To some extent this is precisely what has happened. The engineers have continued to make remarkable advances, and the price of a kilowatt generated by the sun or wind has continued to plunge—so much so that these are now the cheapest sources of power across much of the globe. Battery storage technology has progressed too; the fact that the sun goes down at night is no longer the obstacle to solar power many once presumed. And so vast quantities of renewable technology have been deployed, most notably in China and India. Representatives of cities and states from around the world gathered in San Francisco in September for a miniature version of the Paris summit and made their own pledges: California, the planet’s fifth-largest economy, promised to be carbon-neutral by 2045. Electric cars are now being produced in significant numbers, and the Chinese have deployed a vast fleet of electric buses.

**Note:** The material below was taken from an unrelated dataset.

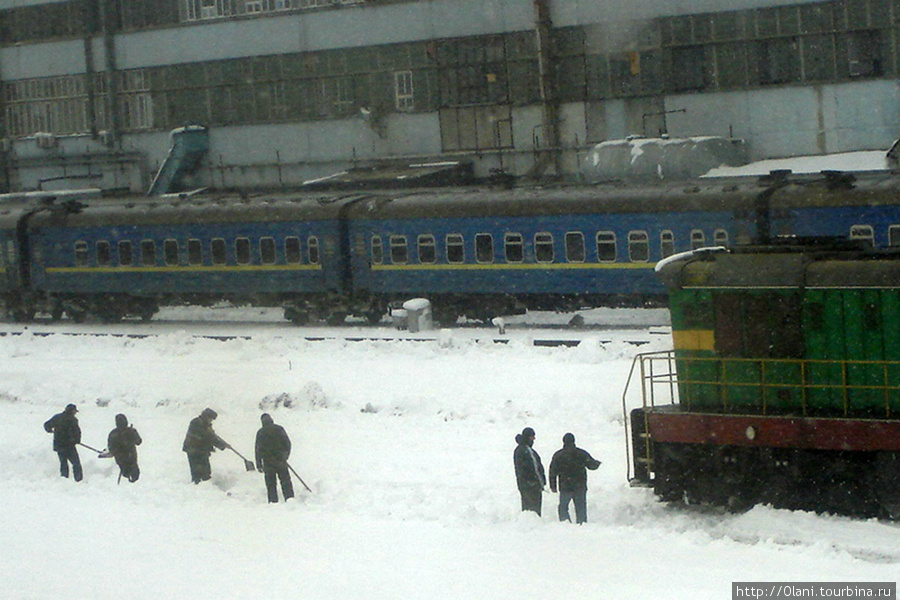 Как-то попали в Киев в снегопад. Поезд задерживали на 6 часов. Перед медленно движущемся поездом идет бригада рабочих и расчищает снег Киев, Украина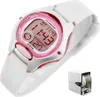 A white Casio digital watch with pink accents and a pink bezel, displayed on a white background. A small box containing a watch is also visible in the lower right corner. Produktbild-Vorschau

But those are bright spots against a very dark background. In retrospect, Paris in December 2015 may represent a high-water mark for the idea of an interconnected human civilization. Within nine weeks of the conference Donald Trump had won his first primary; within seven months the UK had voted for Brexit, both weakening and distracting the EU, which has been the most consistent global champion of climate action. Since then the US, the largest carbon emitter since the start of the Industrial Revolution, has withdrawn from the Paris agreement, and the president’s cabinet members are busy trying to revive the coal industry and eliminate effective oversight and regulation of the oil and gas business. The prime minister of Australia, the world’s biggest coal exporter, is now Scott Morrison, a man famous for bringing a chunk of anthracite into Parliament and passing it around so everyone could marvel at its greatness. Canada—though led by a progressive prime minister, Justin Trudeau, who was crucial in getting the 1.5-degree target included in the Paris agreement—has nationalized a pipeline in an effort to spur more production from its extremely polluting Alberta oil sands. Brazil seems set to elect a man who has promised not only to withdraw from the Paris agreement but to remove protections from the Amazon and open the rainforest to cattle ranchers. It is no wonder that the planet’s carbon emissions, which had seemed to plateau in mid-decade, are again on the rise: preliminary figures indicate that a new record will be set in 2018.

This is the backdrop against which the IPCC report arrives, written by ninety-one scientists from forty countries. It is a long and technical document—five hundred pages, drawing on six thousand studies—and as badly written as all the other IPCC grand summaries over the years, thanks in no small part to the required vetting of each sentence of the executive summary by representatives of the participating countries. (Saudi Arabia apparently tried to block some of the most important passages at the last moment during a review meeting, particularly, according to reports, the statement emphasizing “the need for sharp reductions in the use of fossil fuels.” The rest of the conclave threatened to record the objection in a footnote; “it was a game of chicken, and the Saudis blinked first,” one participant said.) For most readers, the thirty-page “Summary for Policymakers” will be sufficiently dense and informative.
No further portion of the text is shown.